In 1984, the American industrialist and entrepreneur H. Charles Grawemeyer (1912–1993), a chemist and engineer by trade, like Alfred Nobel, his senior by eighty years, set up a foundation with a capital of nine million dollars to award prizes. The laureates were to be selected by Louisville University, of which Grawemeyer was a graduate. Today, that prize is awarded in five categories, but in 1985 only one was presented, in composition, with Witold Lutosławski distinguished for his Third Symphony.
The sum of 150,000 dollars that came with the diploma made the Grawemeyer Award the richest given to a musician in the world. In his acceptance speech, Lutosławski informed those assembled that he was allocating the entire sum to create a grant fund for young Polish composers, wishing to enable them to pursue post-graduate studies abroad.
The following year, the composer was asked to take part in the work of the jury selecting the next award-winner and to write a fanfare for the next presentation ceremony.
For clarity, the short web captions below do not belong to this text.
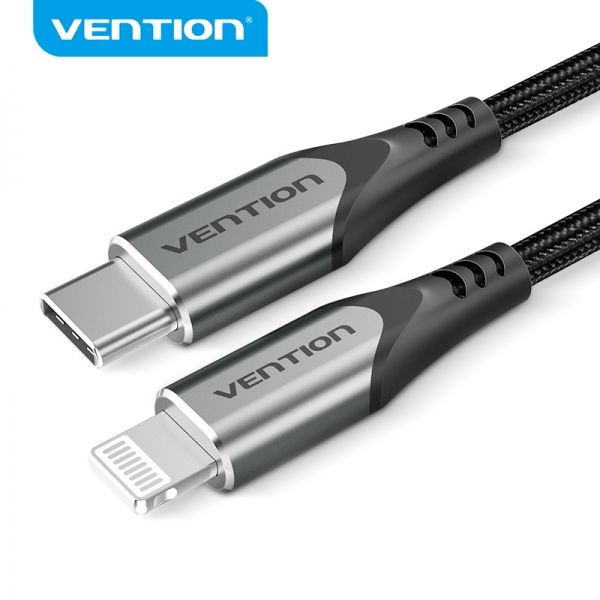 281722_1 Vention Cable USB-C a Lightning 3A 27W 480Mbps MFi - 2m - Color Gris - Imagen 1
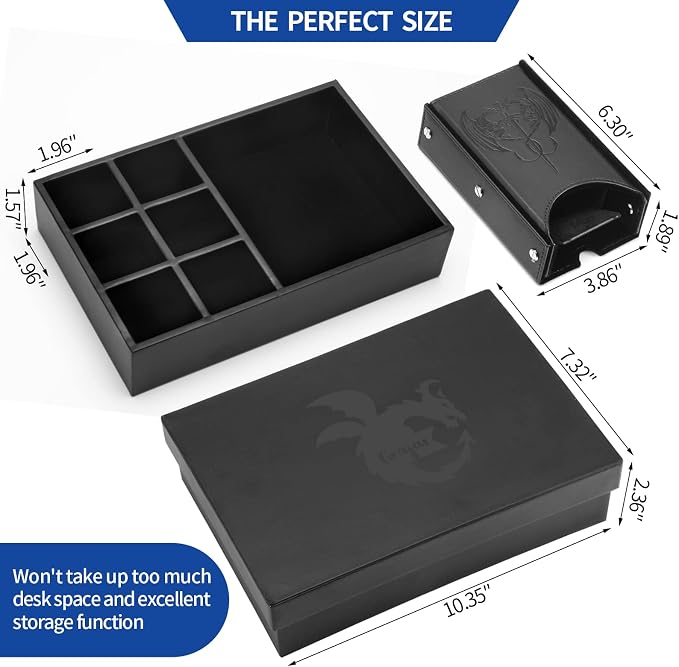 Grajar 3 in 1 Dice Tray with Lid, Portable Dice Box Storage, DND Dice Holder - Image 4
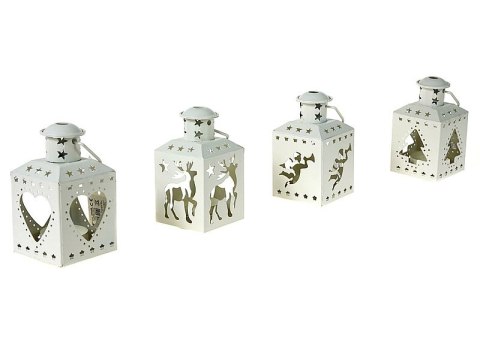 Lampion na tealight z motywem świątecznym 12 x 6 x 6cm metalowy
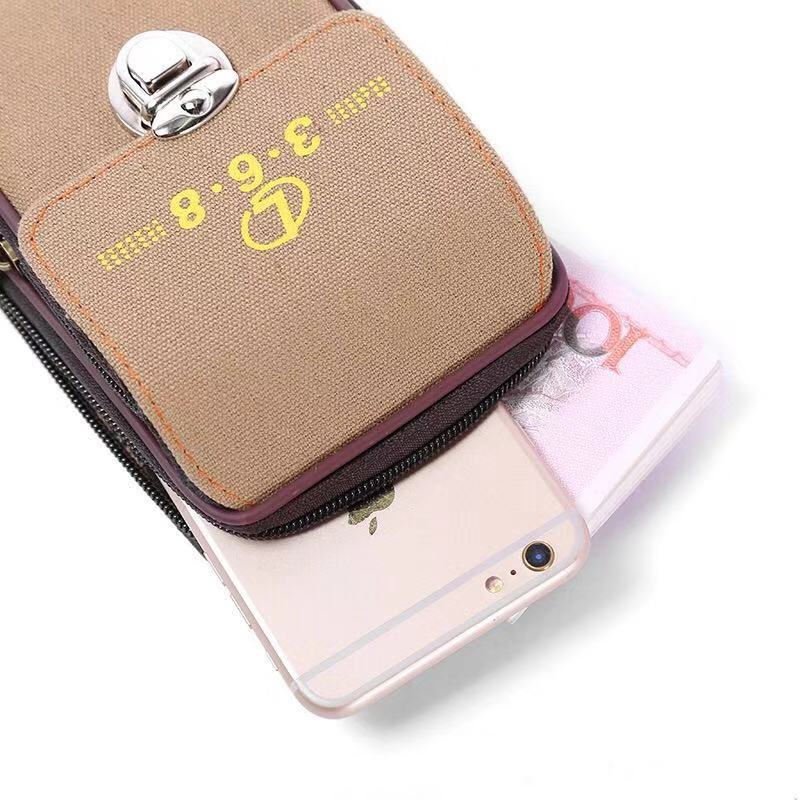 Multi-Function Interlock Horizontal Leisure Hanging Bag Men's Mobile Phone Bag Wear Belt Belt Belt Canvas Wear-Resistant Manufacturers Wholesale undefined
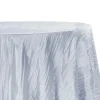 Accordion Crushed Taffeta - 132" Round Tablecloth - Dusty Blue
Thus on 19 September 1986, a rendition of the Fanfare for University of Louisville closed the ceremony in which György Ligeti received the Grawemeyer Award for his first book of six Piano Etudes. The last piece in that set is entitled ‘Automne à Varsovie’, which was an allusion to the Warsaw Autumn festival, dedicated to the award-winner’s ‘Polish friends’, who included Lutosławski.